Former executives from companies such as Sun Microsystems, BEA Systems, and Oracle this week are formally launching a venture
called Cassatt, which is endeavoring to automate IT operations, leverage commodity hardware and software, and govern network
compute cycles in a grid-like manner.
The paradigm being pursued by Cassatt is the management and aggregation of horizontally scaled, commodity machines, said Rich
Green, executive vice president of products at Cassatt and former vice president of Java and tools at Sun. Also part of Cassatt
are Chairman/CEO Bill Coleman, who held the same positions at BEA, and Executive Vice President and CTO Rob Gingell, who was
a chief engineer at Sun.
"The focus here is all about horizontally scaled systems out of commodity hardware, and to make that work requires technology
that is not available in [existing] products," such as Computer Associates Unicenter or HP OpenView, Green said.
Asked if Cassatt was pursuing grid computing, Green acknowledged that the term could be appropriate.
"Grid is a term that certainly could be applied here, but grid tends to be associated with the high-performance computing
space," Green said.
The company's Collage Version 2 product, shipping now, is intended for running large-scale enterprise applications on commodity
Linux servers, according to Cassatt officials. Key technology functions of Collages include the virtualization of storage,
operational systems, and data. Web services technology also is a basis for Collage.

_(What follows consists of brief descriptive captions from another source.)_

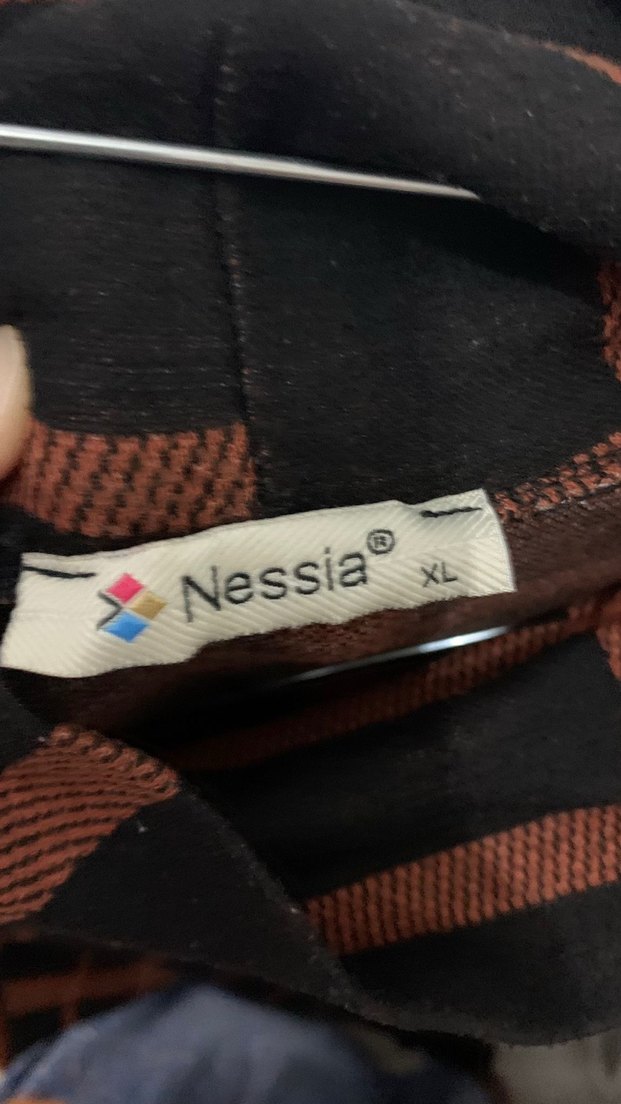 Kahverengi Kareli Uzun Kol Uzun Elbise - Görsel 5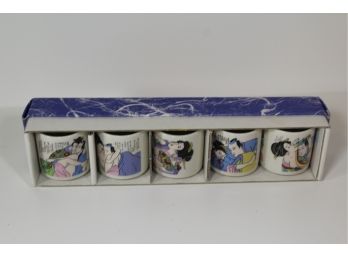5 Pcs Ceramic Japanese Sake Cups 'GUINOMI' Erotic Art Styled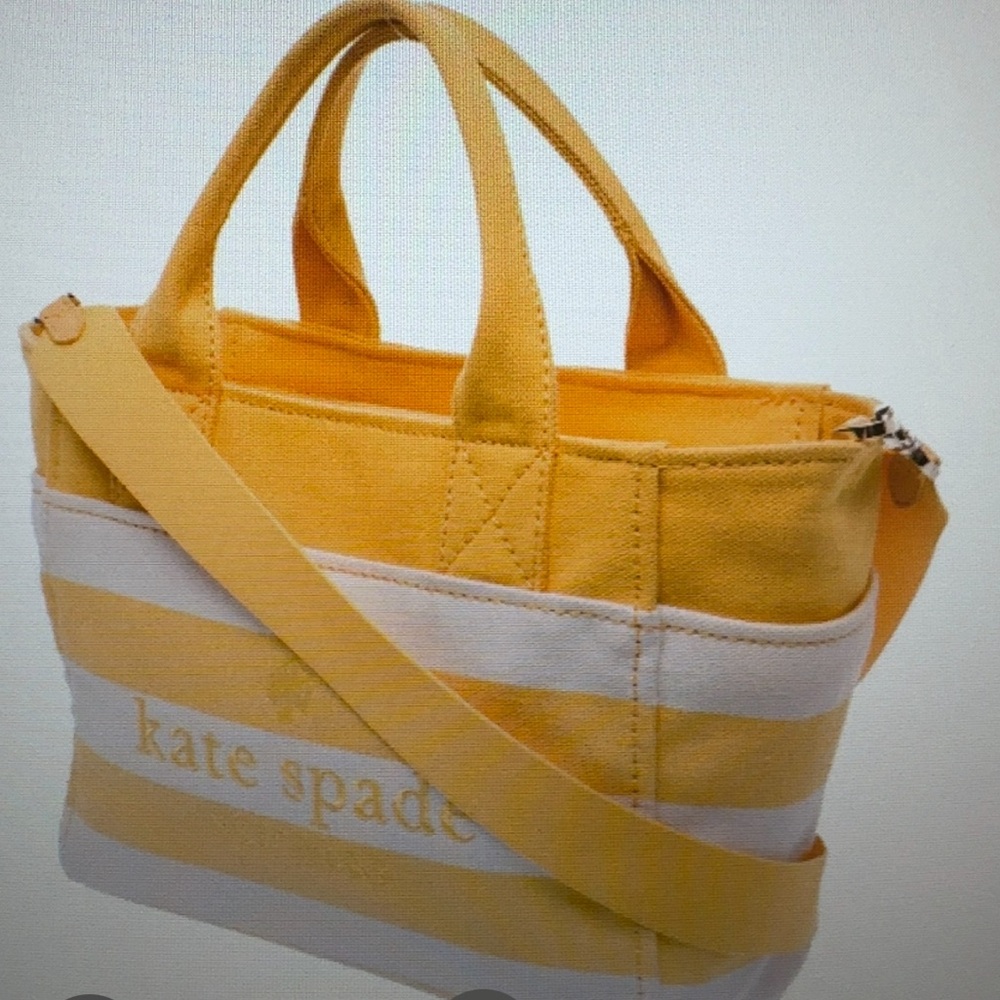 kate spade Yellow and White Stripe Canvas Tote with Removable Strap - Picture 3 of 7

Version 3, due this winter, enables three-tier deployments and adds Windows as a supported platform. Tiers could include software
such as databases, application and Web servers, and data transformation engines. Additionally, a system administrator with
Version 3 can utilize service-level agreements to ensure, for example, that at least five servers are running copies of a
Web server.
Cassatt's virtualization technologies enable scaling of machines and applications without having to make software or network
changes, Green said.
Trend-wise, users are moving to commodity systems and the software market is moving from monolithic applications to Web services
and service-oriented architectures, said Steve Levine, vice president of corporate marketing at Cassatt and former vice president
of marketing at Oracle. The movement to Web services and SOA provides an opportunity for users to scale out both from hardware
and software, said Levine.
"That creates an opportunity to provide an operations environment that makes it easier and more effective and reduces the
cost [and] complexity of managing commodity servers," Levine said.
Collage can be thought of as virtual environment software, said analyst Dan Kusnetzky, vice president of system software research
at International Data Corp.
"It allows you to build applications that run on a collection of machines [on] high-volume, low-cost, industry-standard systems,"
Kusnetzky said. The software provides for workload failover and enables functions such as I/O to be done separately from the
application processing, he said.
Collage provides benefits in management of a cluster of machines, to make them look like a single machine, Kusnetzky said.
The software also can help ensure that systems are optimally used, he added.
Collage costs $1,500 per node, with each piece of hardware on the network representing a node. While Collage currently is
focused on systems linked in a single location, support for distributed systems over a wide area is a future direction.